Why not at least move it to after the local_irq_disable()?

That local_irq_disable() will do tons of writes if you have
lockdep enabled, it calls trace_hardirqs_off() etc. Maybe they don't end
up ever mattering, but wouldn't it make much more sense to just move the
wbinvd down to just before the

while (1)
halt();

which is also likely to make sure that the compiler won't do anything at
all because everything is dead at that point with no function calls etc
happening.

Linus

2008-08-13 17:25:08

by Langsdorf, Mark

[permalink] [raw]
Subject: Re: invalidate caches before going into suspend

On Wednesday 13 August 2008, Linus Torvalds wrote:
>
> On Wed, 13 Aug 2008, Mark Langsdorf wrote:
> >
> > I don't think it's necessary. I can submit a delta patch later if you
> > think it's really necessary.
>
> Why not at least move it to after the local_irq_disable()?
>
> That local_irq_disable() will do tons of writes if you have
> lockdep enabled, it calls trace_hardirqs_off() etc. Maybe they don't end
> up ever mattering, but wouldn't it make much more sense to just move the
> wbinvd down to just before the
>
> while (1)
> halt();
>
> which is also likely to make sure that the compiler won't do anything at
> all because everything is dead at that point with no function calls etc
> happening.

I don't think we realized that local_irq_disable() did all that and
so we only tested the submitted patch. I've resubmitted the unified
patch after applying your suggestion. Thanks.

-Mark Langsdorf
Operating System Research Center
AMD

2008-08-13 17:29:46

by H. Peter Anvin

[permalink] [raw]
Subject: Re: invalidate caches before going into suspend

Ingo Molnar wrote:
>>>
>> Spurious interrupt of what kind? The only things that could come in
>> would not be non-INT type interrupts, and those aren't affected by
>> CLI.
>
> nothing should come in really at that point - but say IRQ#7 on older
> platforms used to trigger at various points in time, even unprompted. Or
> an APIC error interrupt in the last moment? All device irqs should
> indeed be turned off at this stage, but since it costs us nothing to add
> another cli, and because the failure mode is subtle memory corruption,
> does it hurt to have it?
>

Not significantly, but I cannot for my life figure out how it could help.

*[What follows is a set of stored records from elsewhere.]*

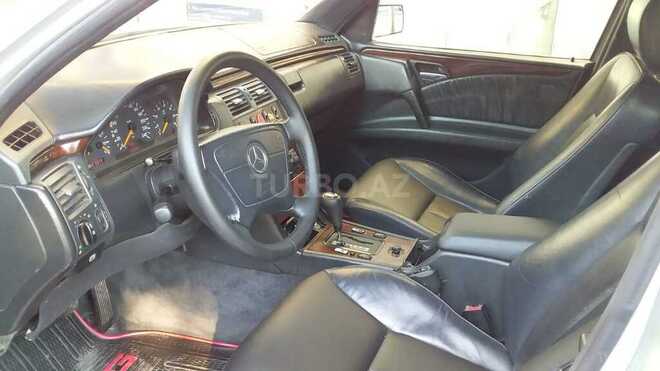 Mercedes E 230 1996, 180,567 km - 2.3 л - Bakı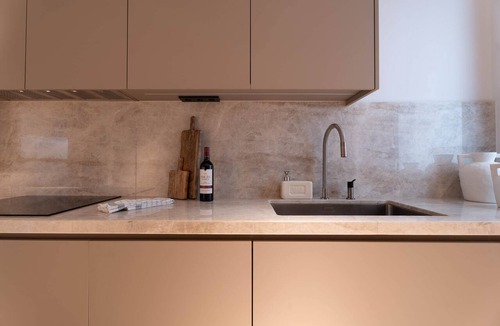 Embajadores Apartment | Príncipe Executive Residence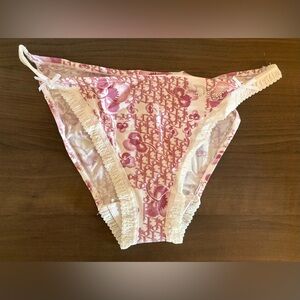 Women’s Panties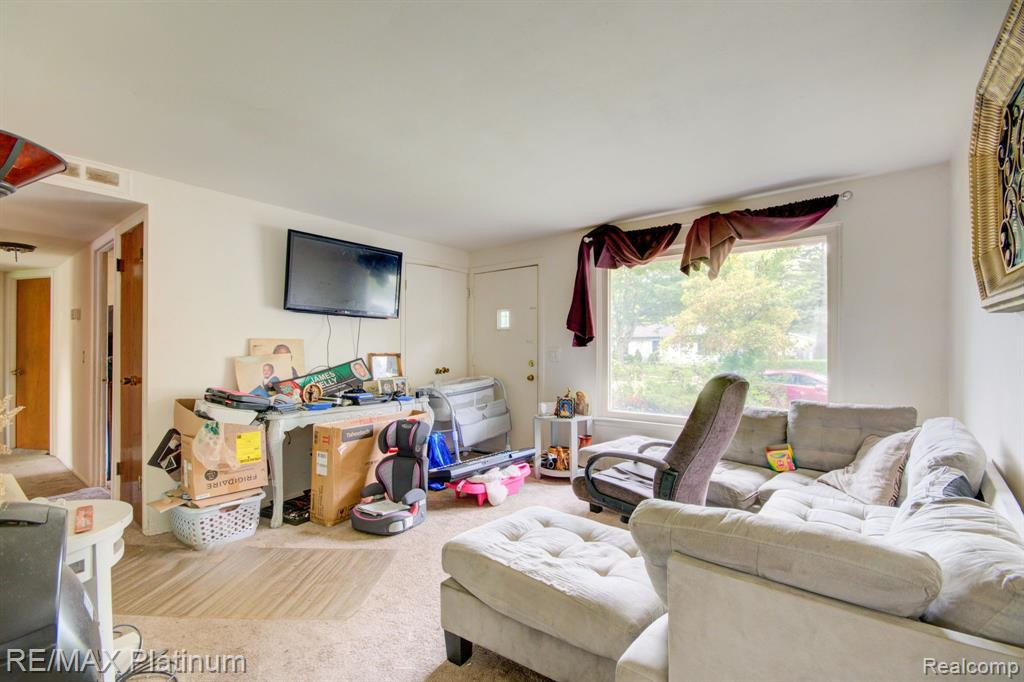 9 BLAIN Court, Ann Arbor, MI 48108 — Photo 6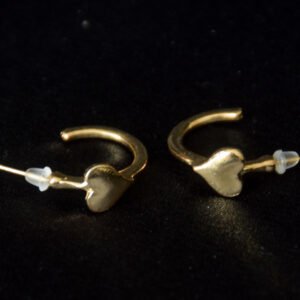 Arracadas Doradas Con Corazón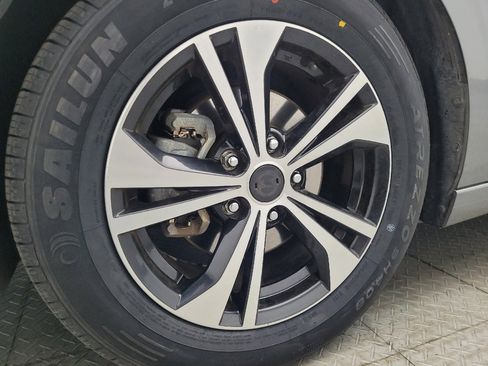 Used 2021 Nissan Sentra SV FWD image 31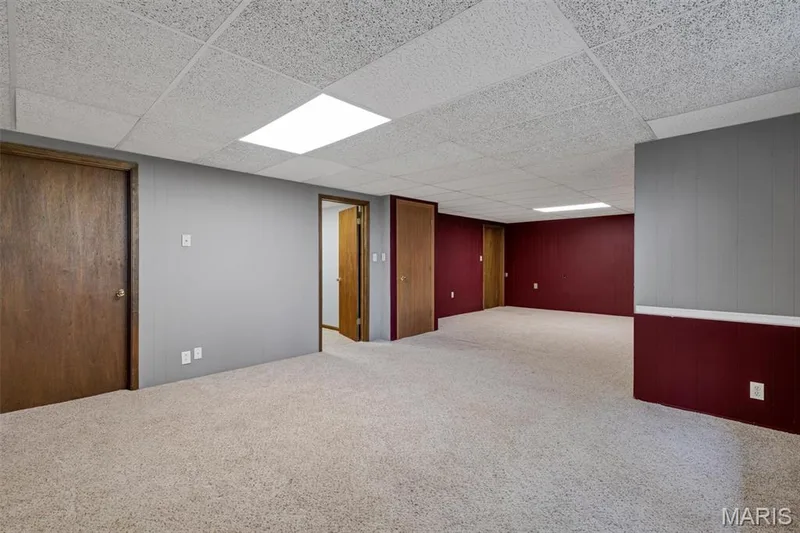 1637 Rosewall Drive #B, St Charles, MO 63303 — listing photo 24 of 33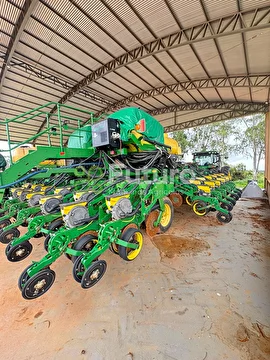CONJUNTO TRATOR JOHN DEERE 8270R ANO 2012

Either the interrupts will be blocked by the CLI already in effect, or
the additional CLI will not help, either (in fact, it will just slightly
increase the window for something like that to slip in.)

-hpa

2008-08-13 17:35:44

by Ingo Molnar

[permalink] [raw]
Subject: Re: invalidate caches before going into suspend


* H. Peter Anvin <[email protected]> wrote:

> Ingo Molnar wrote:
>>>>
>>> Spurious interrupt of what kind? The only things that could come in
>>> would not be non-INT type interrupts, and those aren't affected by
>>> CLI.
>>
>> nothing should come in really at that point - but say IRQ#7 on older
>> platforms used to trigger at various points in time, even unprompted.
>> Or an APIC error interrupt in the last moment? All device irqs should
>> indeed be turned off at this stage, but since it costs us nothing to
>> add another cli, and because the failure mode is subtle memory
>> corruption, does it hurt to have it?
>>
>
> Not significantly, but I cannot for my life figure out how it could
> help.
>
> Either the interrupts will be blocked by the CLI already in effect, or
> the additional CLI will not help, either (in fact, it will just
> slightly increase the window for something like that to slip in.)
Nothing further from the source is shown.